**What you will do**
Your answer must consist of exactly the lines below, starting with the line with "Stor terrass i" and going on through the line with "Jess Gallardo of", and nothing else.

**Records provided**
····················
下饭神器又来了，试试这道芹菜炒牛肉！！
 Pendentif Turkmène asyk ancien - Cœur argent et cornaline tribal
····················
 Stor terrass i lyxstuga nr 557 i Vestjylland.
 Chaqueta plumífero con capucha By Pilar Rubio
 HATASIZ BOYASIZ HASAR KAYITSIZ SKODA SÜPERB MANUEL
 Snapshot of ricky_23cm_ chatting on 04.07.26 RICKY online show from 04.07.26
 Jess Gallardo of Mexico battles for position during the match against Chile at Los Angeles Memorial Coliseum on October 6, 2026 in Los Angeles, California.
····················
**Solution for this exercise**
 Stor terrass i lyxstuga nr 557 i Vestjylland.
 Chaqueta plumífero con capucha By Pilar Rubio
 HATASIZ BOYASIZ HASAR KAYITSIZ SKODA SÜPERB MANUEL
 Snapshot of ricky_23cm_ chatting on 04.07.26 RICKY online show from 04.07.26
 Jess Gallardo of Mexico battles for position during the match against Chile at Los Angeles Memorial Coliseum on October 6, 2026 in Los Angeles, California.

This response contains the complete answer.